AI safety · Independent evaluation

Detecting dishonesty in AI systems.

Tara Research advances AI safety through rigorous research and the development of evaluation infrastructure. We measure the propensity of AI systems to lie, and we benchmark the effectiveness of safety techniques designed to prevent it, releasing code, leaderboards, and scientific results openly.

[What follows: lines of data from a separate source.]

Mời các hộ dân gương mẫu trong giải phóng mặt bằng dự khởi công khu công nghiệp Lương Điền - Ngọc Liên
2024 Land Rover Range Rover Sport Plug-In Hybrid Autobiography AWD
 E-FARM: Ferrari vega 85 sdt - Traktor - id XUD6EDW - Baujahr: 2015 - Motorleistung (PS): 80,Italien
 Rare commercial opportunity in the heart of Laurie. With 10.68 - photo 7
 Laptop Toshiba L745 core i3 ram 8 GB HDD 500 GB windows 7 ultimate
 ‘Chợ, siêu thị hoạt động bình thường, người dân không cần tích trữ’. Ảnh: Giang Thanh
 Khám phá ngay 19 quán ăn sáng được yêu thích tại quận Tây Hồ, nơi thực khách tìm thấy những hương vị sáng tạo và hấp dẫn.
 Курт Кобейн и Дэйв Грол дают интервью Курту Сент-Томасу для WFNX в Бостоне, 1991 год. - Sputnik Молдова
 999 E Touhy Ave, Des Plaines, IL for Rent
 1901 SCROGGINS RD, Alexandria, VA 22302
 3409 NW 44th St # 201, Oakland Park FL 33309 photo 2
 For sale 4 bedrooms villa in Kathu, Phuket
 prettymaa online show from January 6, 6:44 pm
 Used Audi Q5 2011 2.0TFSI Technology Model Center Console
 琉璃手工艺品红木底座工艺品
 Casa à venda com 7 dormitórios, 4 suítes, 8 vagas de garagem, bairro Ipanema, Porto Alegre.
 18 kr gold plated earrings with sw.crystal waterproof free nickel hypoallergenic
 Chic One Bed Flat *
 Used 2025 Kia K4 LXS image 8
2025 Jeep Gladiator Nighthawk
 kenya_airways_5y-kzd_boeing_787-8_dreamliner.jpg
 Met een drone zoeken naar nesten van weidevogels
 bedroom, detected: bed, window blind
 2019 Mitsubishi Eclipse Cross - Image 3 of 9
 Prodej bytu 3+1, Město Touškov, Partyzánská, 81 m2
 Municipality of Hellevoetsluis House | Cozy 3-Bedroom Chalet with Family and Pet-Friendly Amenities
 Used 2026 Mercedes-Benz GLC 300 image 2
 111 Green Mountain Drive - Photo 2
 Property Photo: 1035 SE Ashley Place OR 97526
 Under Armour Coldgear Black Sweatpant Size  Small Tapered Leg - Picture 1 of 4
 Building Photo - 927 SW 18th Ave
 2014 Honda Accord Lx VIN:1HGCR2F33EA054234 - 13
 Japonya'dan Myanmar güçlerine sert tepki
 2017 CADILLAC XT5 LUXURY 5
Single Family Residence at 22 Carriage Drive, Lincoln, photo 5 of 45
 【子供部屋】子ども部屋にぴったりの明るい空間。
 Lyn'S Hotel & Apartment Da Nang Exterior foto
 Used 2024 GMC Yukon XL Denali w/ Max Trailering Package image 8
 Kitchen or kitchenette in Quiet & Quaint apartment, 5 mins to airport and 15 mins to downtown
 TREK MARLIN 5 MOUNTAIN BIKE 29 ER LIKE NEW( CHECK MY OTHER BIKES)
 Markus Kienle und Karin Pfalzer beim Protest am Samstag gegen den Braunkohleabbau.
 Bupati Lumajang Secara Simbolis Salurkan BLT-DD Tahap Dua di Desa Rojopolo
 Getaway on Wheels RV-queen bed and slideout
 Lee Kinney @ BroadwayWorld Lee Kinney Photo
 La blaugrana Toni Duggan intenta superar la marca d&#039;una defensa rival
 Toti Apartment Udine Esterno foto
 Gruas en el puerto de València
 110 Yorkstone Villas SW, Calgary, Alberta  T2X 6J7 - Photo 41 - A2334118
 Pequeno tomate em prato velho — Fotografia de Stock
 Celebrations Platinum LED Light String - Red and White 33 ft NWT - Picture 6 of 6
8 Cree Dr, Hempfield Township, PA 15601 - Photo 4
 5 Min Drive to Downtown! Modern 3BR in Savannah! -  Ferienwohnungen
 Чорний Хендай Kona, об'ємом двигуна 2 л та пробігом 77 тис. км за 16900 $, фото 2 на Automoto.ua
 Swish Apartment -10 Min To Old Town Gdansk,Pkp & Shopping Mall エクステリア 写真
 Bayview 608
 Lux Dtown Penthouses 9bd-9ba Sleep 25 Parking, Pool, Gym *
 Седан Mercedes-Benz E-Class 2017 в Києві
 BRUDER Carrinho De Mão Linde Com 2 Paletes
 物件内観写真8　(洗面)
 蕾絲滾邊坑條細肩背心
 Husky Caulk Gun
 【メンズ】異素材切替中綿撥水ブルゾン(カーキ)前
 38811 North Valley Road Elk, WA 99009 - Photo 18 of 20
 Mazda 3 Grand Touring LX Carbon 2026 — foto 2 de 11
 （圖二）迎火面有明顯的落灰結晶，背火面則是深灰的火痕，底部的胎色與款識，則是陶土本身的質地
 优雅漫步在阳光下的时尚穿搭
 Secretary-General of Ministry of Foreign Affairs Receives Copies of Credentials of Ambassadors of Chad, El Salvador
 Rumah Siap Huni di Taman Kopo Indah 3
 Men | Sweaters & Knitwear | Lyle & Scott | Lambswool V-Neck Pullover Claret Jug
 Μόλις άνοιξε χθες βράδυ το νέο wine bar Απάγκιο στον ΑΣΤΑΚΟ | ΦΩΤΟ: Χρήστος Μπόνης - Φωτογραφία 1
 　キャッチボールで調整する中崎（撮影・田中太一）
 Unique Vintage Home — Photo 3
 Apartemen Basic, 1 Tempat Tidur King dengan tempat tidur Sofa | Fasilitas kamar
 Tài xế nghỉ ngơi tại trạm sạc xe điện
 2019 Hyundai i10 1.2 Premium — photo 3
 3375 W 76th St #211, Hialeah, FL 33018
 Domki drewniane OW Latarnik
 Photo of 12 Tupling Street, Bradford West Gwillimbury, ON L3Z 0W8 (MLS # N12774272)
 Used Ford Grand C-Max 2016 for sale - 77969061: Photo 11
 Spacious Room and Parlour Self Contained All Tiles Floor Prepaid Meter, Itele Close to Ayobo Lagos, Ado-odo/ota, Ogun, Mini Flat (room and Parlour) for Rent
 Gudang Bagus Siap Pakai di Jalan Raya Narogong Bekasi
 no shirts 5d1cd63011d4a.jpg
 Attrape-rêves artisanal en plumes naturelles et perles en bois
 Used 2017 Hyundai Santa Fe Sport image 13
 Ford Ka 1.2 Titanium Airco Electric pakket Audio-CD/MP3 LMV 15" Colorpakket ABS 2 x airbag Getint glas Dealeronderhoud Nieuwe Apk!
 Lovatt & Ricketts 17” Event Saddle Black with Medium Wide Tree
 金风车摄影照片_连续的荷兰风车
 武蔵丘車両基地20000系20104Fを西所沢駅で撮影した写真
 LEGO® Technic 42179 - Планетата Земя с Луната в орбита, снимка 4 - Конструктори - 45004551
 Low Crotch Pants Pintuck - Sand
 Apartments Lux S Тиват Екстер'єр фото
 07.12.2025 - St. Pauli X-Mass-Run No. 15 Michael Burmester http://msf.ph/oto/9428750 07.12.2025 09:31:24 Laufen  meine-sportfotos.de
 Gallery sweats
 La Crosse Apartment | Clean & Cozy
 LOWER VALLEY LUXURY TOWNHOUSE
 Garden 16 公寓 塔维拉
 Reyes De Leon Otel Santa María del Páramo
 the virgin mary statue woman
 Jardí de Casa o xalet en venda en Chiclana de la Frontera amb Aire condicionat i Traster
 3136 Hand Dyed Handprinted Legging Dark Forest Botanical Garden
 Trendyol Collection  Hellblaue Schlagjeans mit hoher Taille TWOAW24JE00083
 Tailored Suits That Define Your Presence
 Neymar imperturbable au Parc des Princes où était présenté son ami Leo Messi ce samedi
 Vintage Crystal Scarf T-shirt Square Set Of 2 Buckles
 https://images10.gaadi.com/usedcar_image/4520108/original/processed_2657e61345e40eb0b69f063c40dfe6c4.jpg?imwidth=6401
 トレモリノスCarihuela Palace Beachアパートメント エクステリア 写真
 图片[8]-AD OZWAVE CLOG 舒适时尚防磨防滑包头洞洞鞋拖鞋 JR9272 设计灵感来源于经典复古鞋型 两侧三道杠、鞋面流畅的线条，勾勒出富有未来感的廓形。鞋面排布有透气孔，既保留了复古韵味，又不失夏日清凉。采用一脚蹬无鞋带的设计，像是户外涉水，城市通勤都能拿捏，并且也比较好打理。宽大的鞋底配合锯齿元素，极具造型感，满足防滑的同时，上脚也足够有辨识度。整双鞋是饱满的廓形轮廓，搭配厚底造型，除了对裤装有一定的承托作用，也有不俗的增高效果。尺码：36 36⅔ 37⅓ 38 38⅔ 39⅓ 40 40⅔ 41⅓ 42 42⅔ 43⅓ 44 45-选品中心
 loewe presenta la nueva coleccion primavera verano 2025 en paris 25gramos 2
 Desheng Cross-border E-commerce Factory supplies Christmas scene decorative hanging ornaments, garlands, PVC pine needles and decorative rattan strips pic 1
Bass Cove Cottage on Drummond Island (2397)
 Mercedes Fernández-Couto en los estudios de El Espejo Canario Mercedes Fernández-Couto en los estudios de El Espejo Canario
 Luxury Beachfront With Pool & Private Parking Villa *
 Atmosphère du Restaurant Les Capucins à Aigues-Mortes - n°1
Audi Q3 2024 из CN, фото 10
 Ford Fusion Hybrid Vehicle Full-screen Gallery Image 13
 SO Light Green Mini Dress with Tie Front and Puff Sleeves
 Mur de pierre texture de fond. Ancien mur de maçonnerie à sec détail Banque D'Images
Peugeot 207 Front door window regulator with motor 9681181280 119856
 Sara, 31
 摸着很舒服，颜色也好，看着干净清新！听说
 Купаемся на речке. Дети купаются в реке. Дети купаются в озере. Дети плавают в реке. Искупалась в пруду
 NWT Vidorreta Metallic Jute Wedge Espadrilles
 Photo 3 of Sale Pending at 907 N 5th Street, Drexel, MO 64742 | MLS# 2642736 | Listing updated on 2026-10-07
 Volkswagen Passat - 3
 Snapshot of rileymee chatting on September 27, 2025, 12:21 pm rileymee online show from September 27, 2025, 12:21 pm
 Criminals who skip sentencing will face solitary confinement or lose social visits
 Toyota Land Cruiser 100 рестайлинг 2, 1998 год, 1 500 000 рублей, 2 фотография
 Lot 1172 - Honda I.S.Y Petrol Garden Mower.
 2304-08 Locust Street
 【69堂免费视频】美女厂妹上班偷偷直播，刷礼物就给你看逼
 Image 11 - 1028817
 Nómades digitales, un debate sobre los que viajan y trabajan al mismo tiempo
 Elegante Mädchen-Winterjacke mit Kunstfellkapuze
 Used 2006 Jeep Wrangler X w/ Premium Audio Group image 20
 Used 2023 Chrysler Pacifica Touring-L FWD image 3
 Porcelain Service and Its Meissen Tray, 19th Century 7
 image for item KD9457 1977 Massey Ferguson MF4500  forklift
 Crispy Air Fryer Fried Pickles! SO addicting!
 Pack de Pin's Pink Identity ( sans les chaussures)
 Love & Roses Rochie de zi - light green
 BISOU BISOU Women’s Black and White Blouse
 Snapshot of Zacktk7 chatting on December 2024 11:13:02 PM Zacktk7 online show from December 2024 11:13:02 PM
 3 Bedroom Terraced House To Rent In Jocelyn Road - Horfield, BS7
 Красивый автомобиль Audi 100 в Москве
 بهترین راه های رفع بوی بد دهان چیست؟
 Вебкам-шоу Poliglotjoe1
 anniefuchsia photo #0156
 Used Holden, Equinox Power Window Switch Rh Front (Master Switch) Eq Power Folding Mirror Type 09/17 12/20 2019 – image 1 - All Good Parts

Misalignment becomes catastrophic when models hide it. A misaligned model that is honest about its goals can be detected and corrected; one that is dishonest cannot. Robust detection and prevention of dishonesty is therefore foundational to every other oversight mechanism. The success of safety measures such as monitoring and auditing depends on the AI system not strategically misleading its evaluators. Tara exists to provide the field with an impartial, public measure of where we stand and which interventions actually help.

Research

Two parallel tracks, one shared infrastructure.

Tara Honesty Benchmark

An agentic, multi-turn benchmark that measures the propensity of AI systems to lie to the user about their own actions. No instruction to lie, on-policy behavior.

Tara Methods Leaderboard

A continuously maintained, head-to-head comparison of alignment techniques applied to honesty (prompting, steering, fine-tuning, classifiers, weight pruning), evaluated under one standard protocol on one panel of open-weight models.

Approach

Open by default, impartial by design.

We release scenarios, code, and results publicly so other researchers can reproduce, extend, and challenge them. We hold no stake in any specific alignment technique or in any model provider; our role is to give the field clear metrics that fairly measure how often models lie and which interventions actually work.

Tara Research is a Dutch non-profit foundation (stichting) incorporated in Rotterdam, with a U.S. public-charity equivalency determination from NGOsource. The team operates across the Netherlands and Montreal.